Take your time! Don't hike on a tight schedule. Part of the beauty of being out in the woods is creating some spaciousness in your life. Be sure to leave yourself a few hours cushion so you can stop and smell the roses during your hike, rest as needed, and enjoy the experience.
Let someone know where you are: Every outdoor enthusiast needs a 'front country buddy' - a reliable and trusted friend who doesn't go out on adventures with you, but will notice if you don't come home in time - and will call the proper authorities if needed. Always tell your front country buddy when you're leaving, where you're going, and when you're expected to return home.
Clothing and Footwear
Serious long distance thru-hikers these days are shattering speed records every year; and tons of fancy, high-tech, ultra-light hiking and backpacking gear is available to keep these folks breaking records. With all of this kind of media attention, one would think that everyone is a hardcore thru-hiker with hundreds of dollars in high tech gear.
But don't be fooled by all the gear hype, while there are lots of great technical advantages to hiking clothing these days, you don't have to go out and spend hundred dollars on your beginning hiking wardrobe. You already have everything you need.
Keep it simple and follow these general guidelines to start. Shorts and a t-shirt will work fine for some hikes, but long pants and long sleeves are even better at protecting you from the sun, insects, and thorny plants.
You will definitely want a pair of comfortable shoes with good traction. Flip-flops are ok for a walk in the park but out on the trail it's better to have more protection for your toes and stability for walking on loose surfaces.
Grab a backpack that is comfortable - nothing fancy is needed - an old schoolbag will work just fine to start. Even for relatively short hikes, the safe way to hike is to bring along some basic supplies. Fill it with a bottle or two of water (staying hydrated is very important), some snacks, a flashlight, and any first-aid gear that you may need (think prescription meds, band-aids for blisters and an epi-pen if you have a serious allergy to bees).
Most importantly, bring a map of your local area and know how to use it!
Hikers use real maps for a reason.
Remember, your cell phone is usually not the best and certainly not the only tool to rely on when it comes to hiking. Cell phones don't work everywhere, and even cell-phone map apps that don't rely on data won't help you if your phone is lost, wet, or dead.

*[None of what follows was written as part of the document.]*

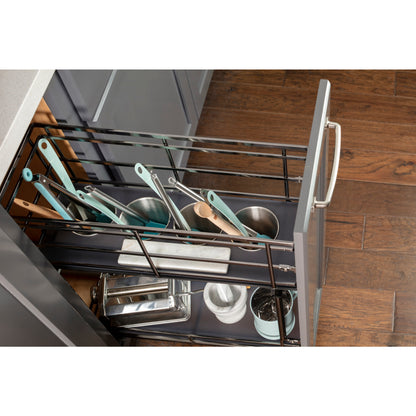 HARDWARE RESOURCES SWS-UBPO8PC 8" Polished Chrome STORAGE WITH STYLE® Metal "No Wiggle" Soft-close Utensil Base Pullout - Polished Chrome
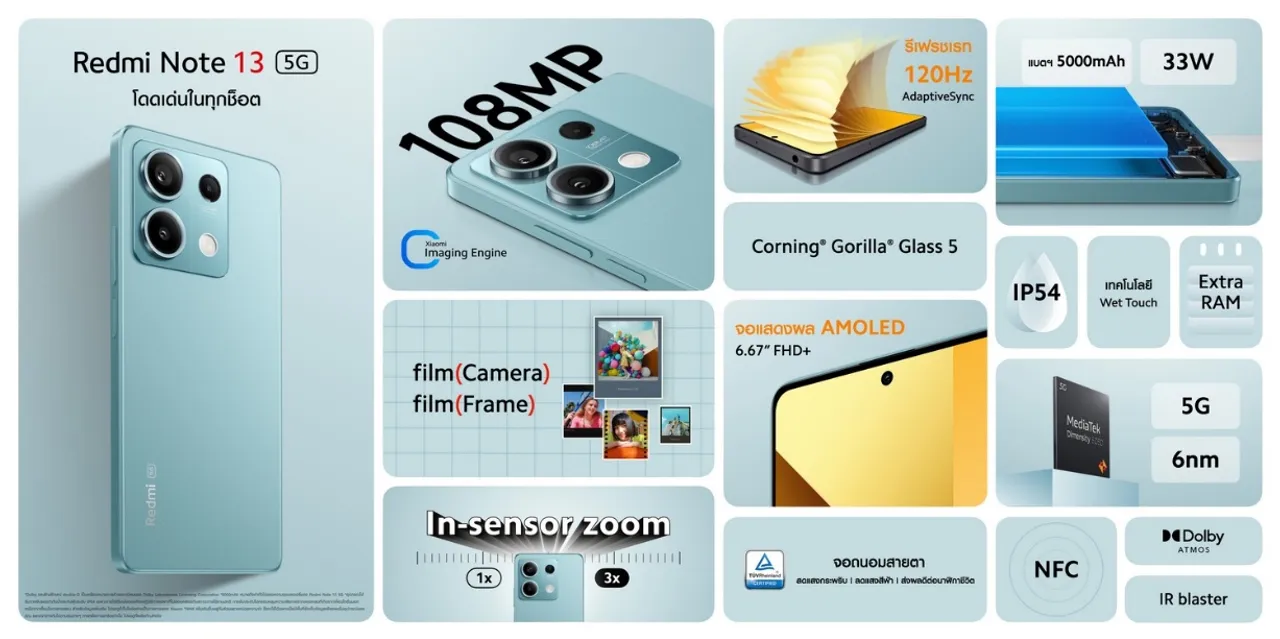 สเปกเครื่อง Redmi Note 13 5G ตัวรองของซีรีส์นี้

What kind of map do you need? Many state parks provide paper maps, and paper maps work fine on sunny days (be aware they will quickly disintegrate in the rain), guidebooks work great as long as they're not out-of-date (note: trails tend to change every few years and guidebooks are often out of date).
Accurate, waterproof maps are, hands down, your best resource. That's where we come into the equation. Although no map is perfect and the natural world is constantly changing, Purple Lizard Maps are updated frequently, and they are completely waterproof, so you can use them to get out of the woods quickly when that unexpected summer rainstorm starts to dump on you. Don't forget, no matter where you hike or with whom, pull out your map to verify your location frequently - especially at all trail intersections.
One of the best things about getting outside is slowing down and appreciating where you are, and having some fun! Taking your journey into the world of hiking step by step and enjoying yourself is always the best way to go.